* Task objective
The expected answer is a verbatim transcription of the lines below, beginning with the first and ending with the line that holds "Hasbro Star Wars", without pictures.

(Available data Opens)

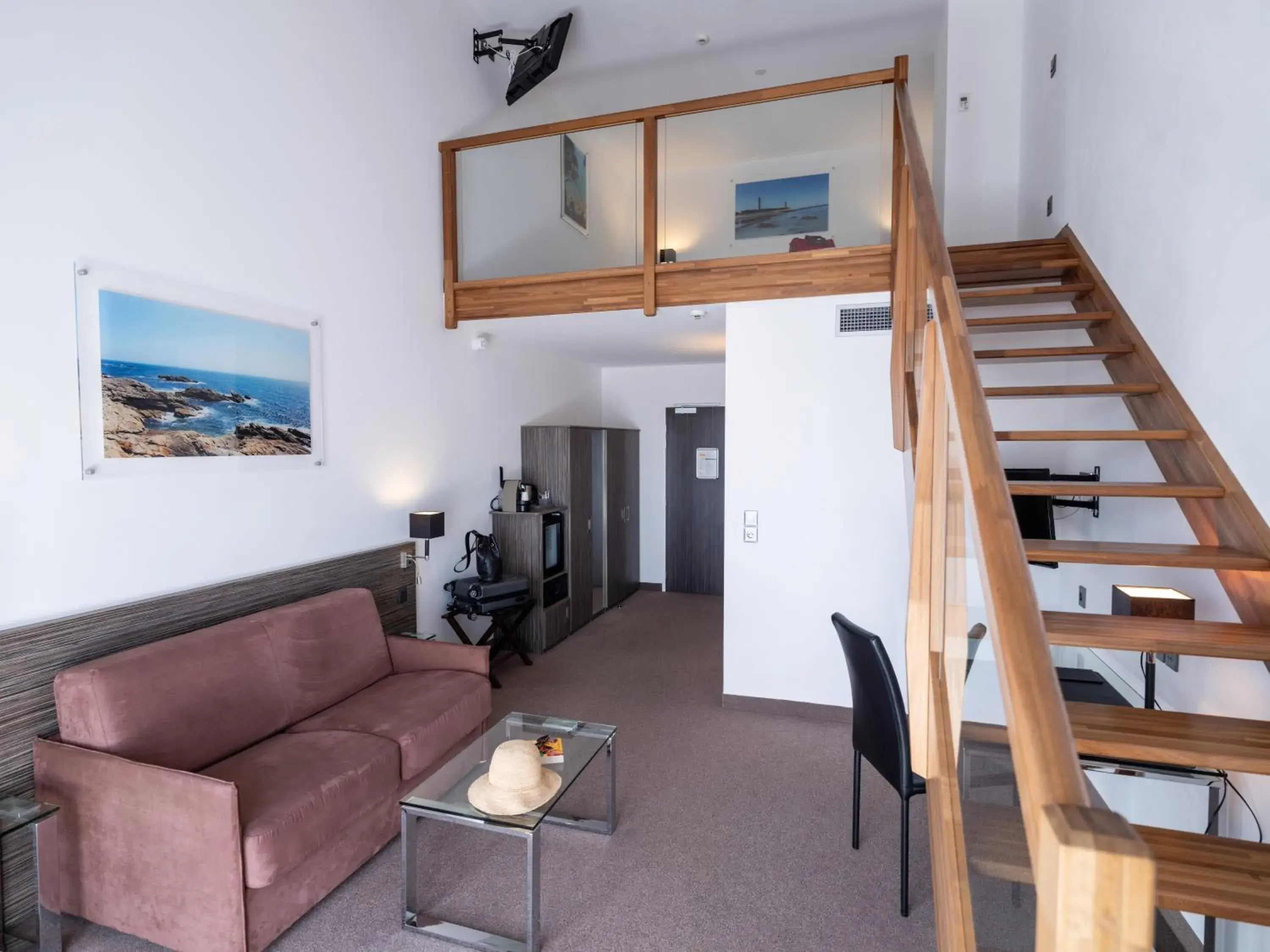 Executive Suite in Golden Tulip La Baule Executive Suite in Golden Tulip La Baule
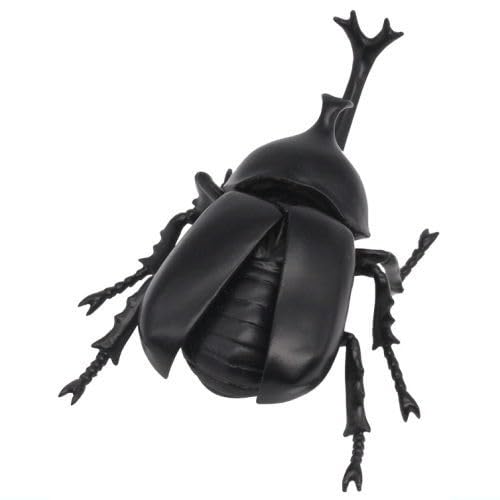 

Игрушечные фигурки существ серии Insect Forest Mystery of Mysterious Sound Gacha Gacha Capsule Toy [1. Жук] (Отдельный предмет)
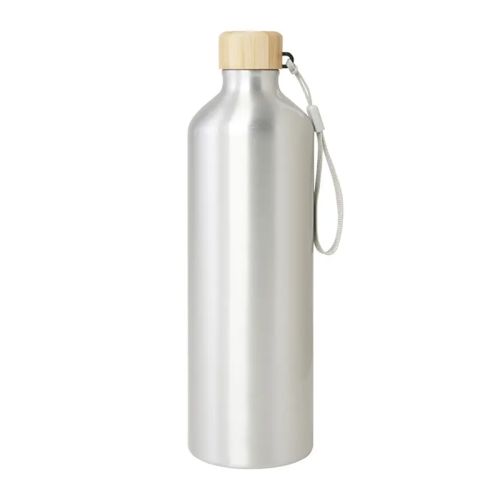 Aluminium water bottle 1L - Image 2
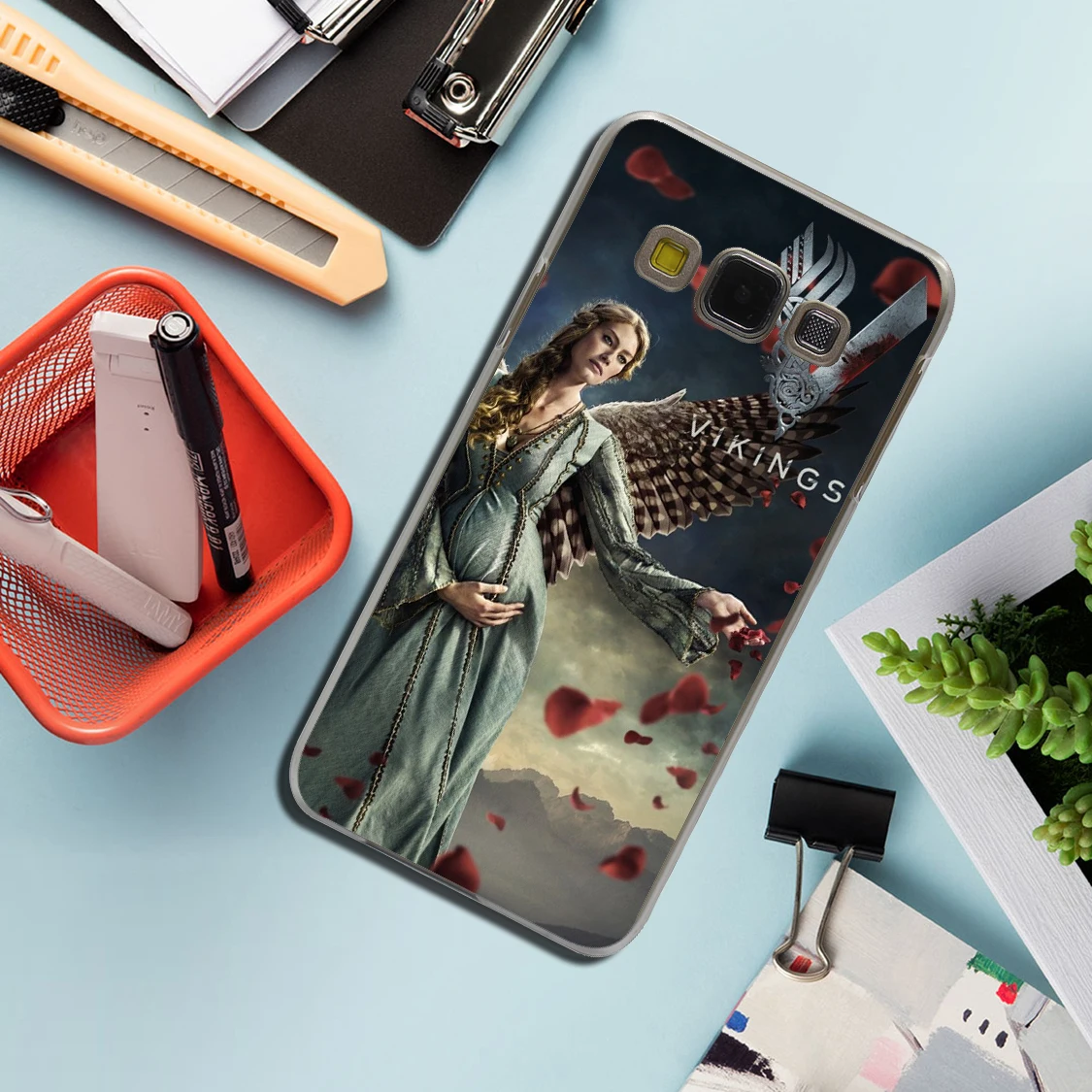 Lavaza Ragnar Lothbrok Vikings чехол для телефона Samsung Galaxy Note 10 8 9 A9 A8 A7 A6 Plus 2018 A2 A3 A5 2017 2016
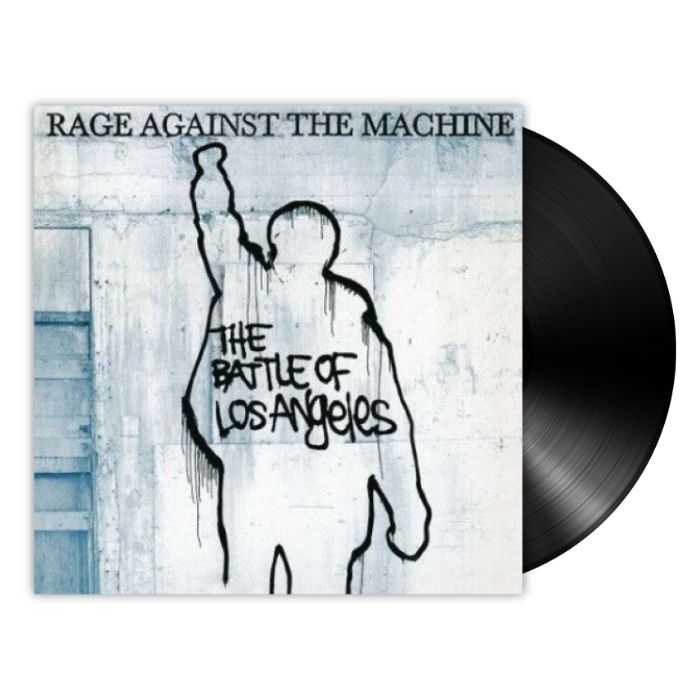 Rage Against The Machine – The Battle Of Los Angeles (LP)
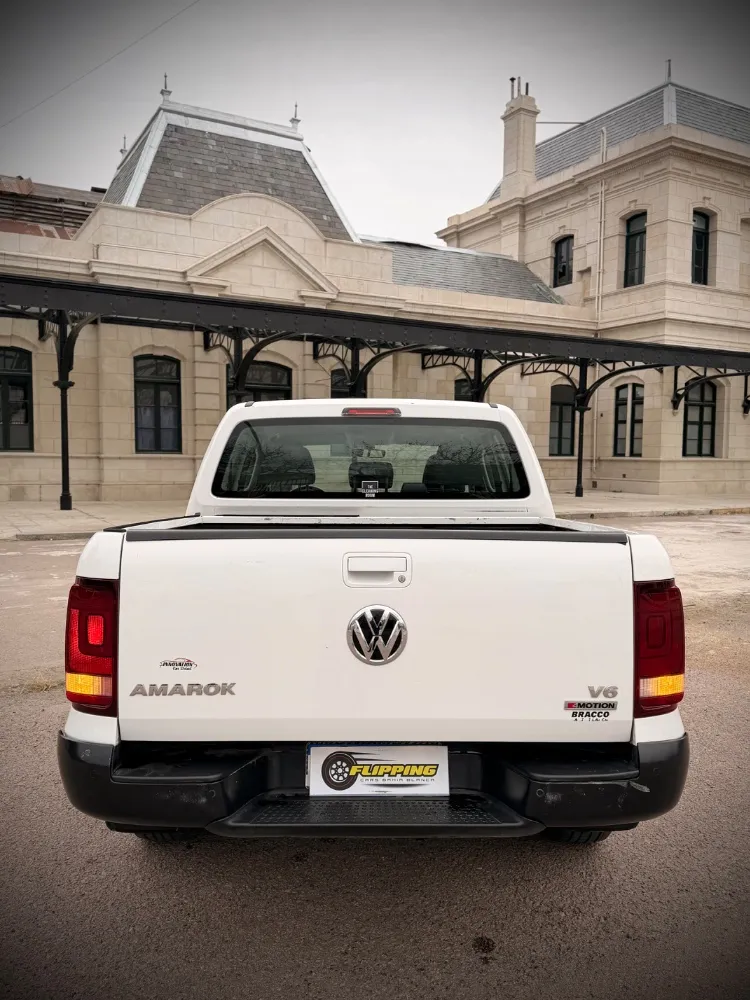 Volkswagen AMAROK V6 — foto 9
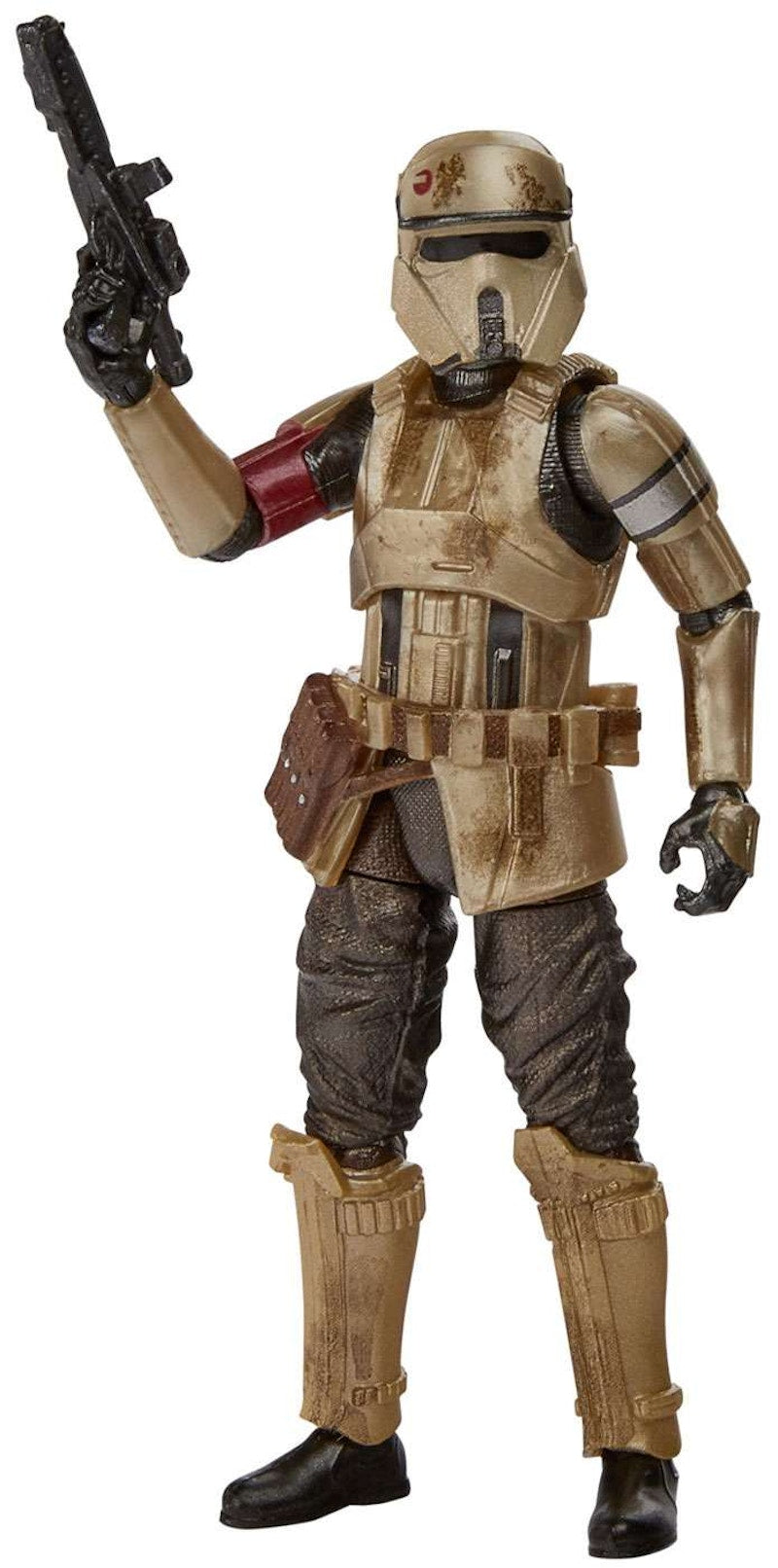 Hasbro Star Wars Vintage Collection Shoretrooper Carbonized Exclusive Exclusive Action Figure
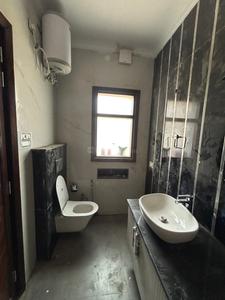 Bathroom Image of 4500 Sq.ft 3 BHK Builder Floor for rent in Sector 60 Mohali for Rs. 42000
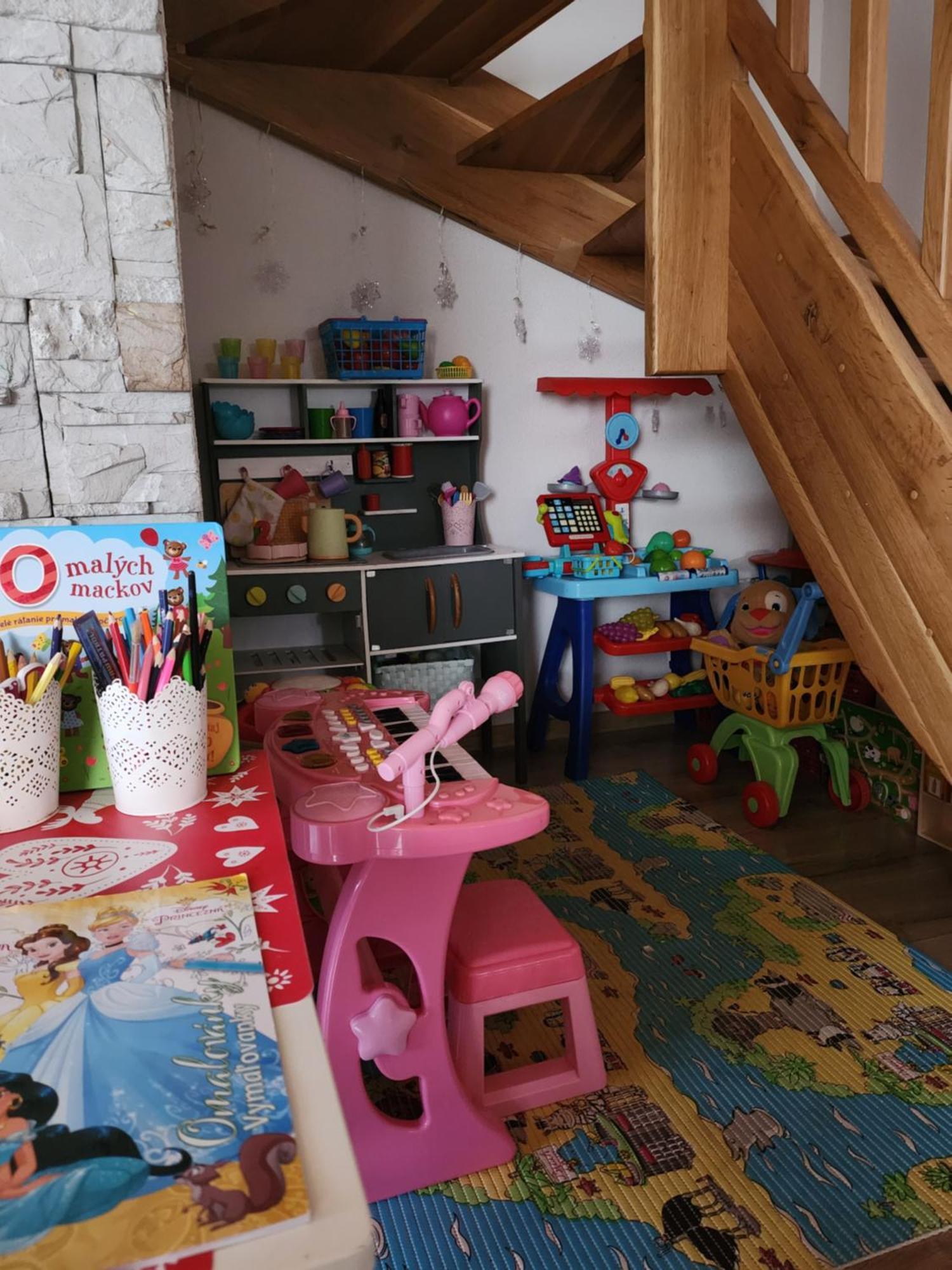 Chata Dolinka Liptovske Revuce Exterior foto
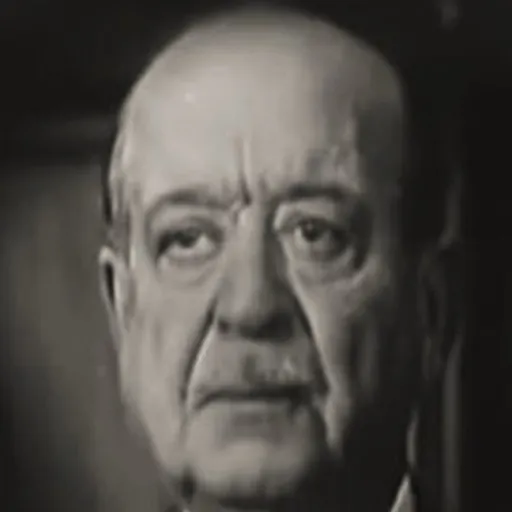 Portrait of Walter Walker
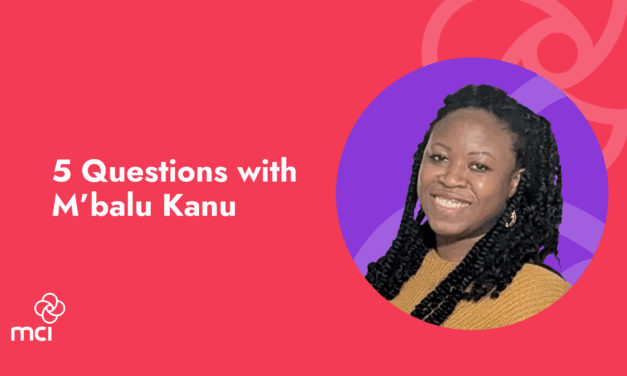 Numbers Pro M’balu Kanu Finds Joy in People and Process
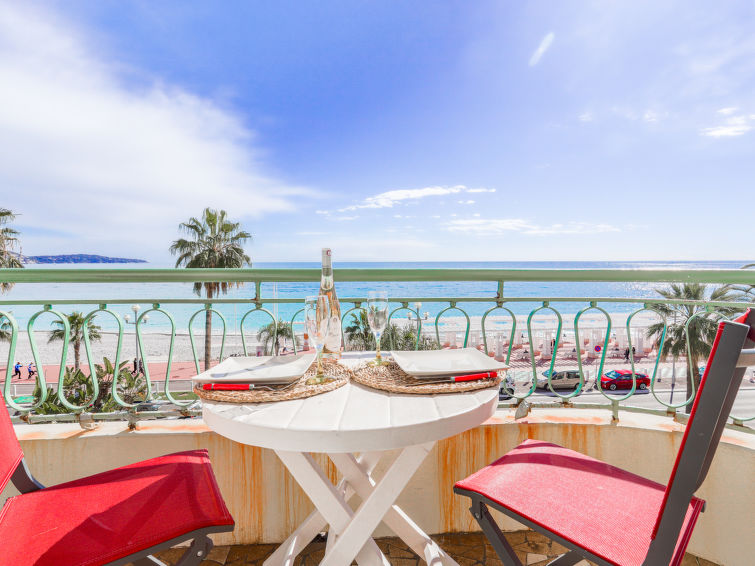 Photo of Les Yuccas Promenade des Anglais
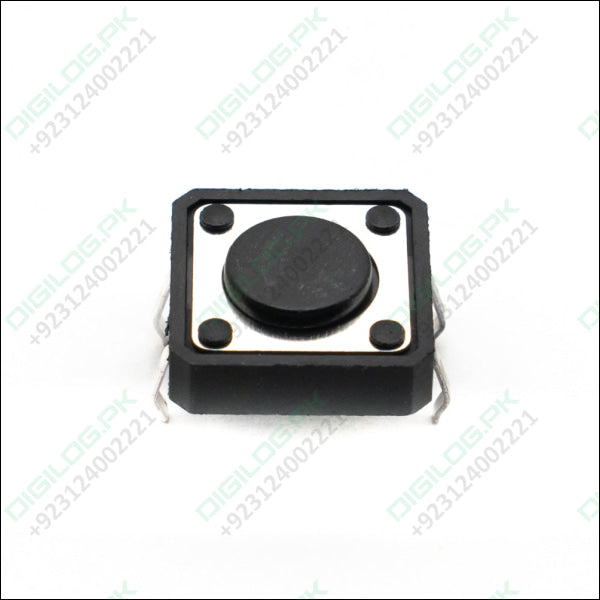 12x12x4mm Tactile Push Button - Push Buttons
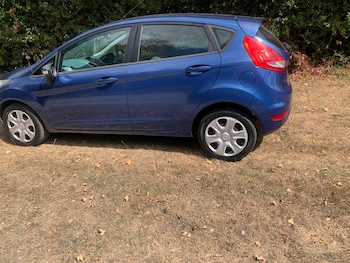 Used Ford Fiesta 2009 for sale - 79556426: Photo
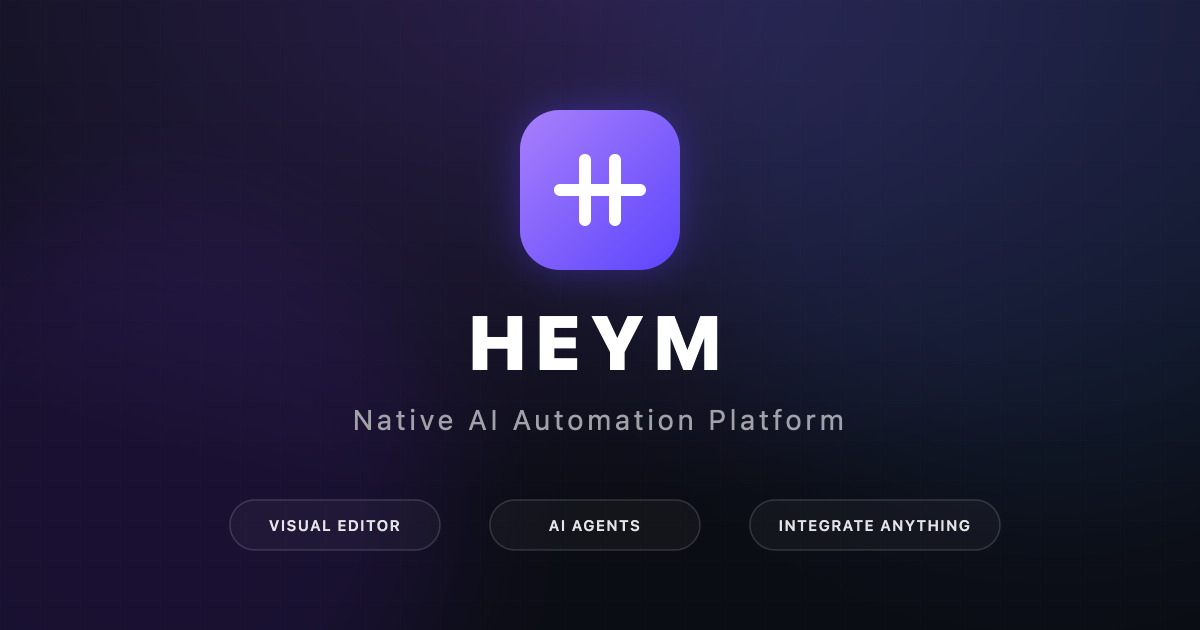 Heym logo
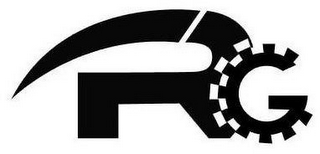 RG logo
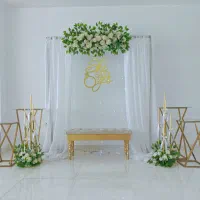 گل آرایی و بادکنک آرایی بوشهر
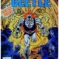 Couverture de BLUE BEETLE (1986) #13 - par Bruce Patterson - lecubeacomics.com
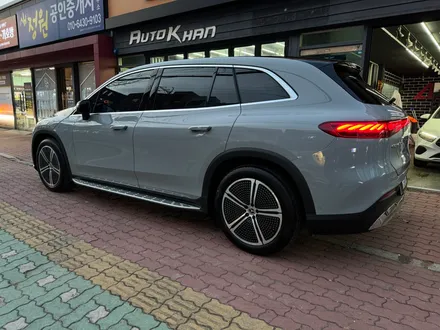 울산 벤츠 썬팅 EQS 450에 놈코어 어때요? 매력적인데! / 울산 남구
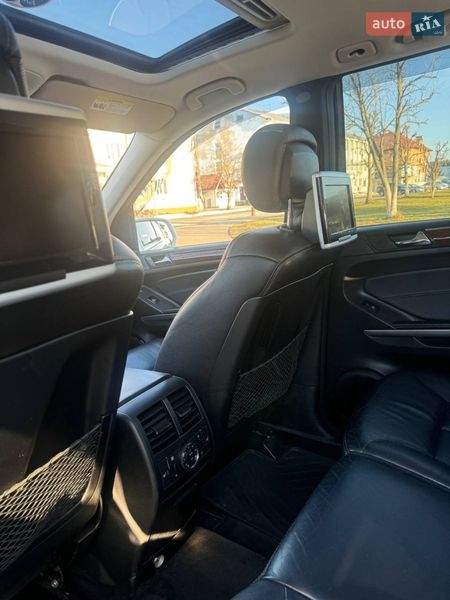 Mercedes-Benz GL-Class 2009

(Available data Closes)

* Expected answer
 Executive Suite in Golden Tulip La Baule Executive Suite in Golden Tulip La Baule

Игрушечные фигурки существ серии Insect Forest Mystery of Mysterious Sound Gacha Gacha Capsule Toy [1. Жук] (Отдельный предмет)
 Aluminium water bottle 1L - Image 2
 Lavaza Ragnar Lothbrok Vikings чехол для телефона Samsung Galaxy Note 10 8 9 A9 A8 A7 A6 Plus 2018 A2 A3 A5 2017 2016
 Rage Against The Machine – The Battle Of Los Angeles (LP)
 Volkswagen AMAROK V6 — foto 9
 Hasbro Star Wars Vintage Collection Shoretrooper Carbonized Exclusive Exclusive Action Figure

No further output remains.